### What is required
Starting at the line that contains "Mannan Binding Lectin", write out every line through the end of the records below exactly as it appears, and leave out all pictures.

### Image-caption web data
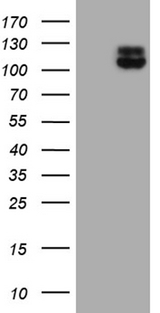 ITGB1 / Integrin Beta 1 / CD29 Antibody - HEK293T cells were transfected with the pCMV6-ENTRY control. (Left lane) or pCMV6-ENTRY ITGB1. (Right lane) cDNA for 48 hrs and lysed. Equivalent amounts of cell lysates. (5 ug per lane) were separated by SDS-PAGE and immunoblotted with anti-ITGB1. (1:500)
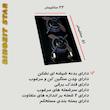 اجاق گاز صفحه ای رینوزیت استار مدل SH2Can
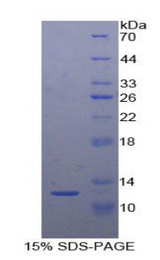 SEMA3E / Semaphorin 3E Protein - Recombinant Semaphorin 3E By SDS-PAGE
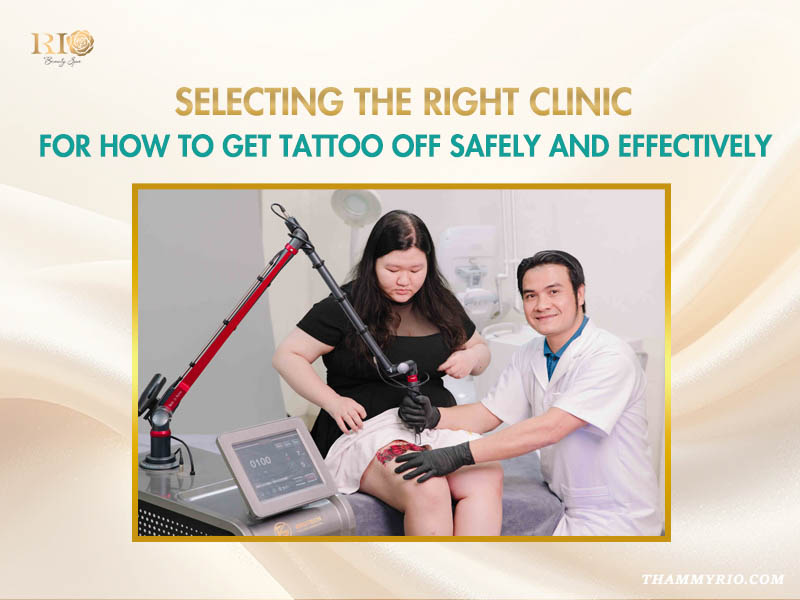 Professional laser tattoo removal at Rio Beauty Clinic showing how to get tattoo off a client's leg safely.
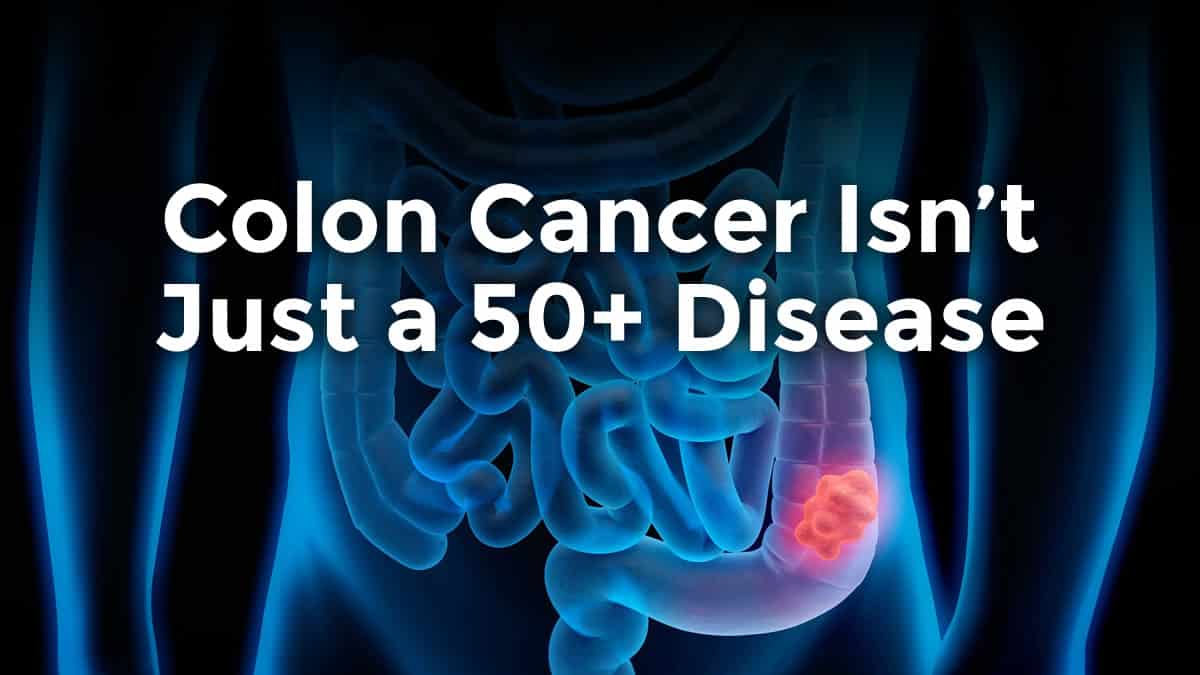 colon cancer is no longer a 50+ disease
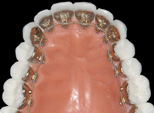 broches linguales invisibles ibraces Orthodontistes lemay Broches iBraces posées sur la face linguale des dents
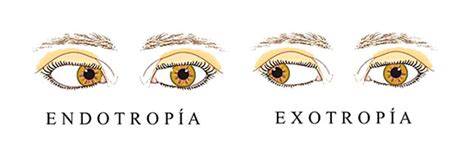 Serie de fotos de niños con diferentes tipos de estrabismo (endotropia, exotropia) para ilustrar las desviaciones oculares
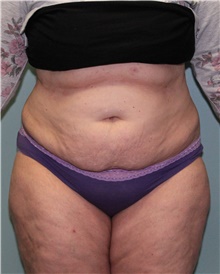 Liposuction Before Photo by Jennifer Greer, MD; Mentor, OH - Case 41018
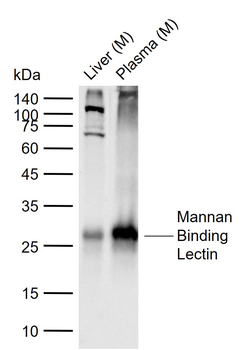 Mannan Binding Lectin Recombinant Rabbit Monoclonal Antibody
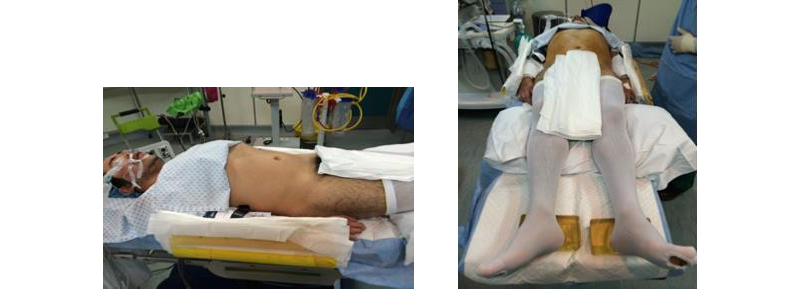 Fig. 2. Posición de Cirugía Pélvica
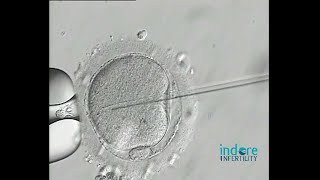 Two methods of performing ICSI Compared Aspiration ICSI Vs Penetration or Stirring ICSI [upl. by Nyliuqcaj]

### Written answer
 Mannan Binding Lectin Recombinant Rabbit Monoclonal Antibody
 Fig. 2. Posición de Cirugía Pélvica
 Two methods of performing ICSI Compared Aspiration ICSI Vs Penetration or Stirring ICSI [upl. by Nyliuqcaj]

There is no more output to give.